Collected material »
++++++++++++++++++++

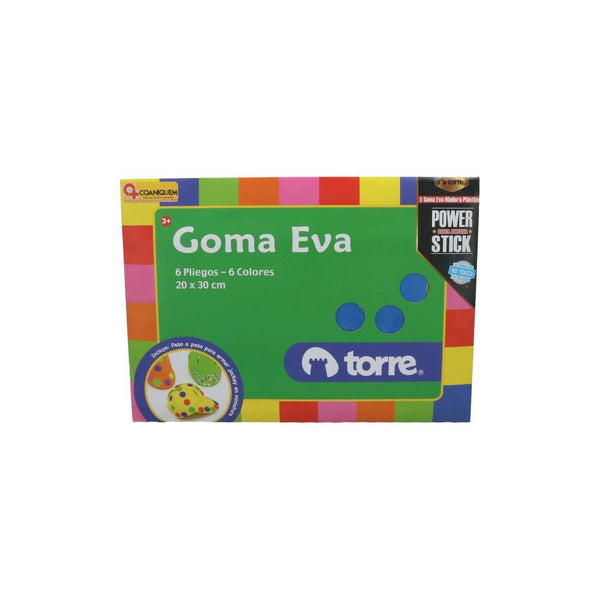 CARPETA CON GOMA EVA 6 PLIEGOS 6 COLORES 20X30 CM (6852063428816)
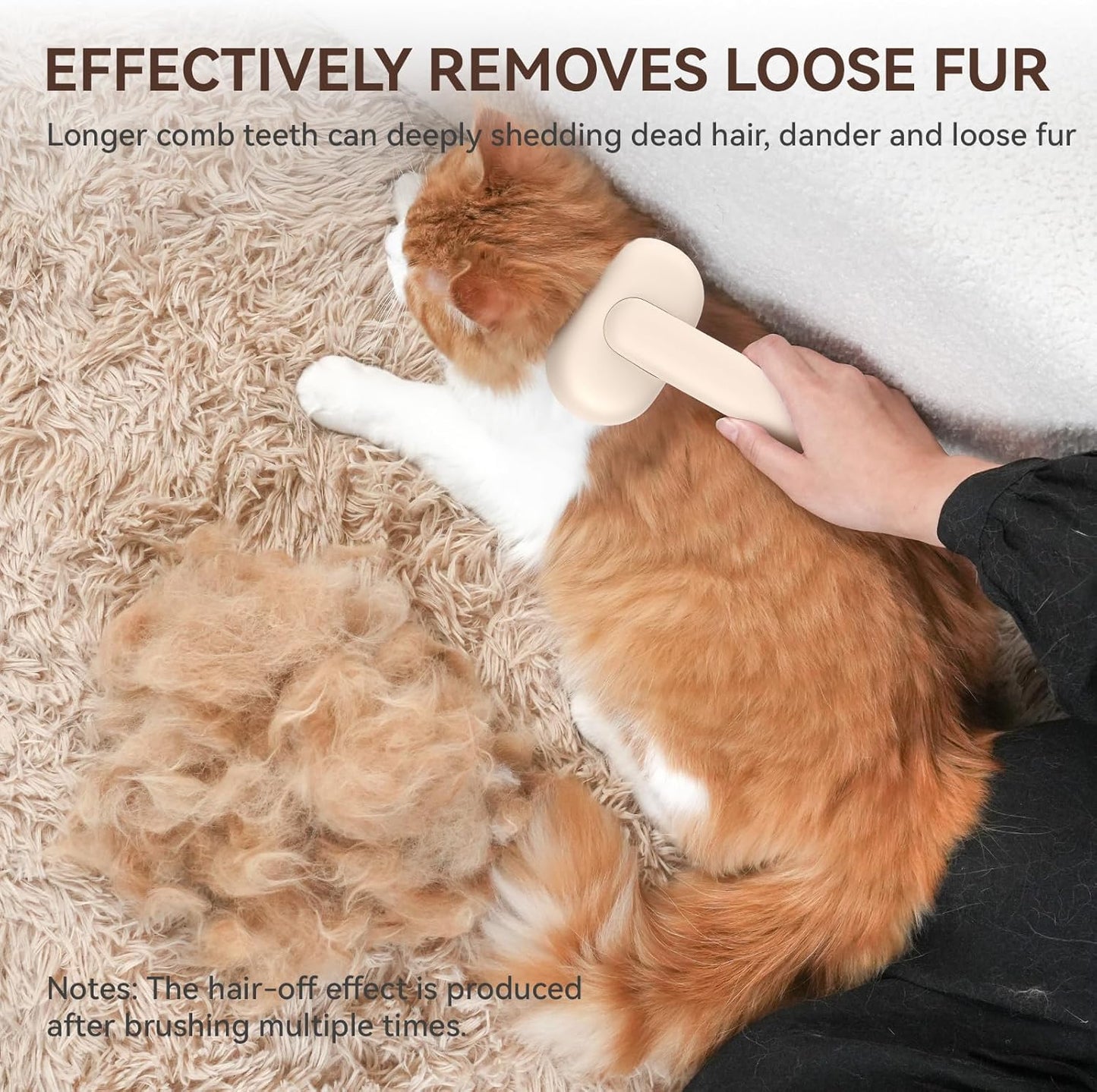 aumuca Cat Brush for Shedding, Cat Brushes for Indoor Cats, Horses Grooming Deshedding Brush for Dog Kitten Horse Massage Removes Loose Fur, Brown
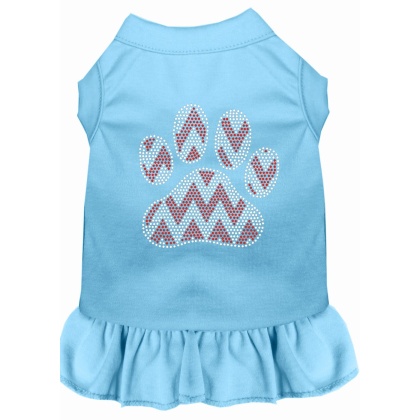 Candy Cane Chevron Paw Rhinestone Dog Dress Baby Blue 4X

++++++++++++++++++++

How to complete this task » Once the pictures are set aside, the remaining data must be transcribed exactly.

Exercise answer »
 CARPETA CON GOMA EVA 6 PLIEGOS 6 COLORES 20X30 CM (6852063428816)
 aumuca Cat Brush for Shedding, Cat Brushes for Indoor Cats, Horses Grooming Deshedding Brush for Dog Kitten Horse Massage Removes Loose Fur, Brown
 Candy Cane Chevron Paw Rhinestone Dog Dress Baby Blue 4X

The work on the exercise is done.